Calm is the morn without a sound,
Calm as to suit a calmer grief,
And only thro' the faded leaf
The chestnut pattering to the ground:

Calm and deep peace on this high wold,
And on these dews that drench the furze,
And all the silvery gossamers
That twinkle into green and gold:

Calm and still light on yon great plain
That sweeps with all its autumn bowers,
And crowded farms and lessening towers,
To mingle with the bounding main:

Calm and deep peace in this wide air,
These leaves that redden to the fall;
And in my heart, if calm at all,
If any calm, a calm despair:

Calm on the seas, and silver sleep,
And waves that sway themselves in rest,
And dead calm in that noble breast
Which heaves but with the heaving deep.


Links:

Tennyson's Poetry (http://tennysonpoetry.home.att.net/index.htm)

Alfred Lord Tennyson (http://www.victorianweb.org/authors/tennyson/tennyov.html)

(Edited to fix the links!)

HowardM2
04-29-2004, 04:47 AM
YOu mention you had access only to part of the poem; here's a link to the complete text (http://www.theotherpages.org/poems/books/tennyson/tennyson01.html).


"it seems to me that although each line has four stresses (tetrameter?) the first lines of stanzas two, three and four have five."

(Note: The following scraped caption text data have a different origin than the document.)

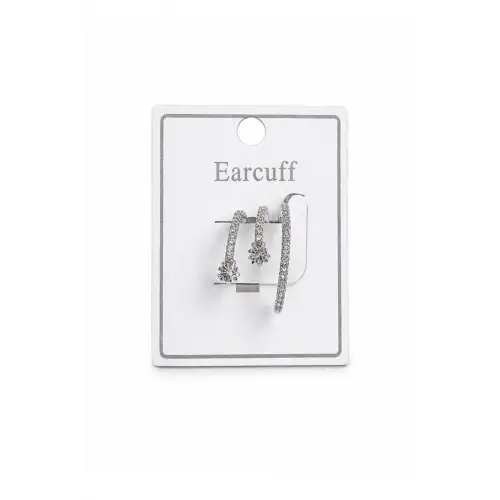 Çoklu Görünüm Zirkon Taşlı Model Earcuff Kıkırdak Kıkırdak Küpe Gümüş Kararmaz Renk Atmaz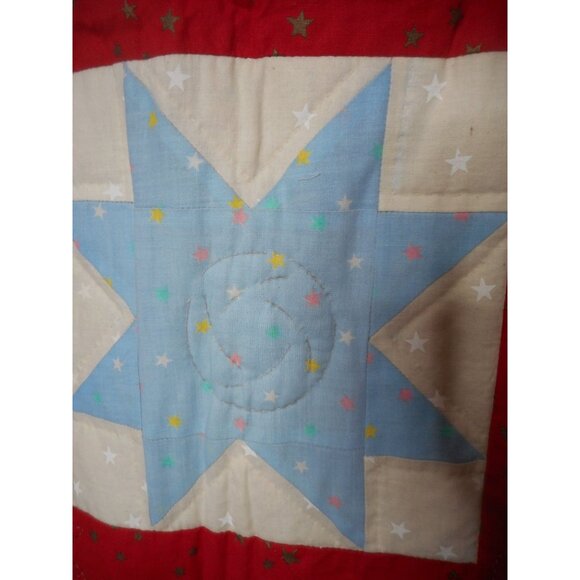 Vintage 1990s Quilted rectangle lap blanket or wall hanging Follow Your Star - Picture 4 of 10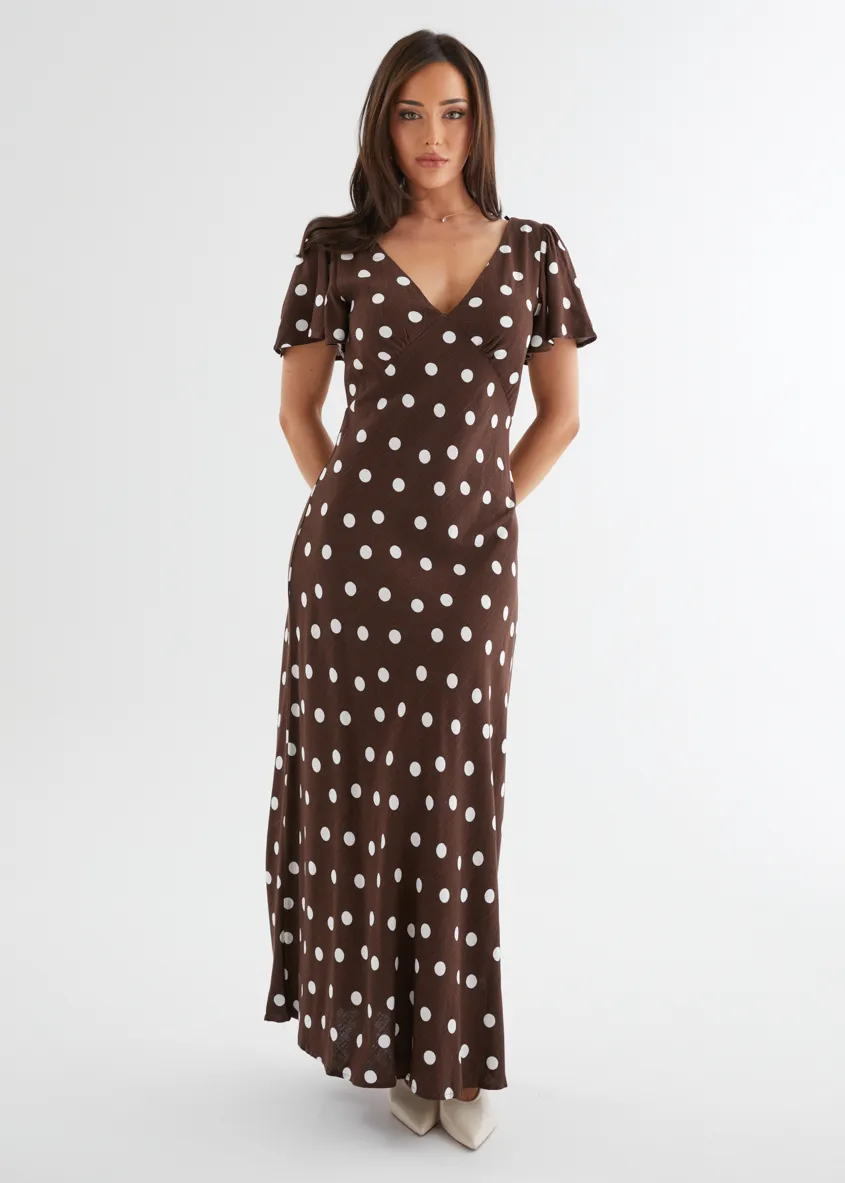 Nadia Maxi Dress - Choc Polka sold by Gingham & Heels product image thumbnail 5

Calm and deep peace on this high wold,
/ CALM and/ DEEP PEACE/ on this/ HIGH WOLD/
/ trochee/ spondee/ {pyrrhic/ spondee = double iamb}

Yes, there are five stresses, although both "deep" and "high" are perhaps stressed slightly less strongly than the syllables that follow them; these are perfectly acceptable substitutions in iambic meter (see the thread on "Standard Substitutions in Strict Iambic Pentameter" in "Blurbs"--the same substitutions apply to tetrameter, as long as there are fewer of them).

Marcus P
04-29-2004, 04:53 AM
Thank you Howard,
You really are a super moderator!
Thank you.
Marcus

(Oh, I didn't have the whole poem in my book at home. But I found it later on the Internet at work! But, thanks again for the new link!)